More Help with python .find fucntion

Sat Jan 8 00:06:55 EST 2011

On Fri, Jan 7, 2011 at 8:43 PM, Keith Anthony <kanthony at woh.rr.com> wrote:
> My previous question asked how to read a file into a strcuture
> a line at a time.  Figured it out.  Now I'm trying to use .find
> to separate out the PDF objects.  (See code)  PROBLEM/QUESTION:
> My call to lines[i].find does NOT find all instances of endobj.
> Any help available?  Any insights?
>
> #!/usr/bin/python
>
> inputfile =  file('sample.pdf','rb')            # This is PDF with which we will work
> lines = inputfile.readlines()                   # read file one line at a time
>
> linestart = []                                  # Starting address for each line
> lineend = []                                    # Ending address for each line
> linetype = []
>
> print len(lines)                                # print number of lines
>
> i = 0                                           # define an iterator, i
> addr = 0                                        # and address pointer
>
> while i < len(lines):                           # Go through each line
>    linestart = linestart + [addr]
>    length = len(lines[i])
>    lineend = lineend + [addr + (length-1)]
>    addr = addr + length
>    i = i + 1
>
> i = 0
> while i < len(lines):                           # Initialize line types as normal
>    linetype = linetype + ['normal']
>    i = i + 1
>
> i = 0
> while i < len(lines):                           #
>    if lines[i].find(' obj') > 0:
>        linetype[i] = 'object'
>        print "At address ",linestart[i],"object found at line ",i,": ", lines[i]
>    if lines[i].find('endobj') > 0:
>        linetype[i] = 'endobj'
>        print "At address ",linestart[i],"endobj found at line ",i,": ", lines[i]
>    i = i + 1

Your code can be simplified significantly.
In particular:
- Don't add single-element lists.
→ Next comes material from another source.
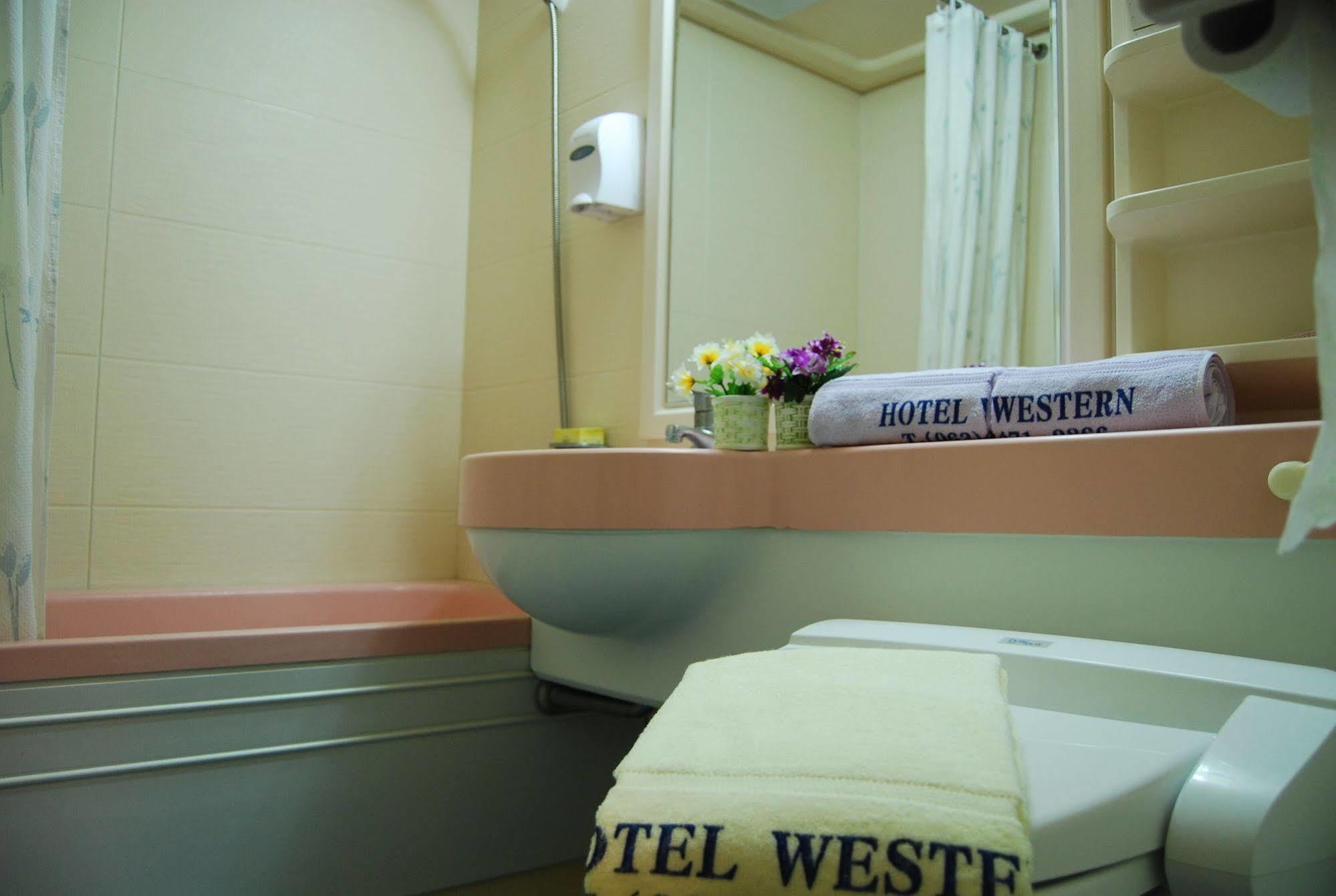 Gunsan Western Hotel Екстер'єр фото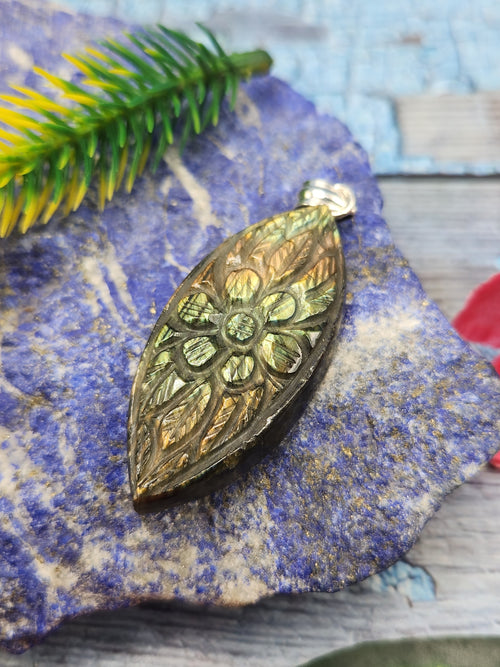 Labradorite Floral Carving Pendant with 925 silver loop - Nature's Elegance and Metaphysical Radiance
Use the list.append() method instead.
- One seldom manually tracks counters like `i` in Python; use range()
or enumerate() instead.
- Lists have a multiply method which gives the concatenation of n
copies of the list.

Revised version (untested obviously):

inputfile =  file('sample.pdf','rb')            # This is PDF with
which we will work
lines = inputfile.readlines()                   # read file one line at a time

linestart = []                                  # Starting address for each line
lineend = []                                    # Ending address for each line
linetype = ['normal']*len(lines)

print len(lines)                                # print number of lines

addr = 0                                        # and address pointer

for line in lines: # Go through each line
   linestart.append(addr)
   length = len(line)
   lineend.append(addr + (length-1))
   addr += length

for i, line in enumerate(lines):
   if line.find(' obj') > 0:
       linetype[i] = 'object'
       print "At address ",linestart[i],"object found at line ",i,": ", line
   if line.find('endobj') > 0:
       linetype[i] = 'endobj'
       print "At address ",linestart[i],"endobj found at line ",i,": ", line

As to the bug: I think you want "!= -1" rather than "> 0" for your
conditionals; remember that Python list/string indices are 0-based.

Cheers,
Chris
--
http://blog.rebertia.com